No Estado de Direito a Administração só pode agir em obediência à lei, esforçada nela e tendo em mira o fiel cumprimento das finalidades assinaladas na ordenação normativa. Como é sabido, o liame que vincula a Administração à lei é mais estrito que o travado entre a lei e o comportamento dos particulares. Com efeito, enquanto na atividade privada pode-se fazer tudo o que não é proibido, na atividade administrativa só se pode fazer o que é permitido. Em outras palavras, não basta a simples relação de não-contradição, posto que, demais disso, exige-se ainda uma relação de subsunção. Vale dizer, para a legitimidade de um ato administrativo é insuficiente o fato de não ser ofensivo à lei.
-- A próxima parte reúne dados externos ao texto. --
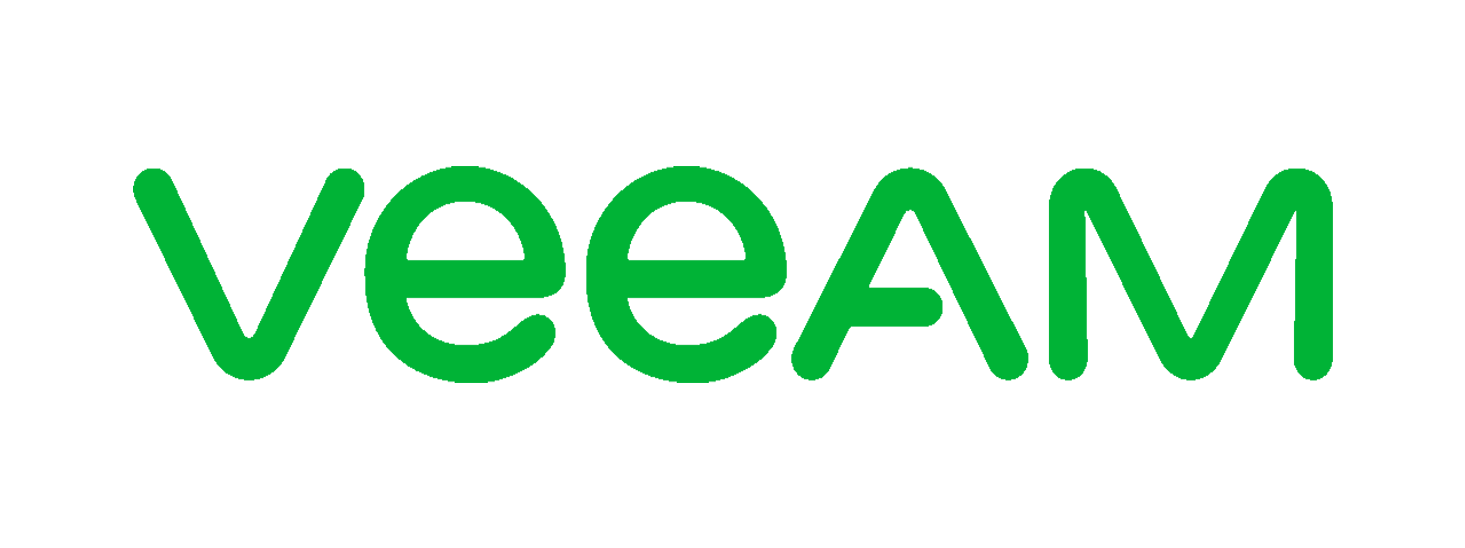 Logo VeeAM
Cumpre que seja praticado com embasamento em alguma norma permissiva que lhe sirva de supedâneo (MELLO, 2013, p. 960).
Ora, é patente que a legalidade, enquanto corolário da administração, implica em o administrador pública ter sua atuação condicionada aos mandamentos dos diplomas normativos e às exigências do bem comum. Nesta esteira, ainda, não é possível que aquele se afaste ou mesmo desvie de tais preceitos, sob pena de praticar ato eivado de invalidade, tal como se expor a responsabilidade de essência disciplinar, civil e criminal, conforme a situação concreta materializada.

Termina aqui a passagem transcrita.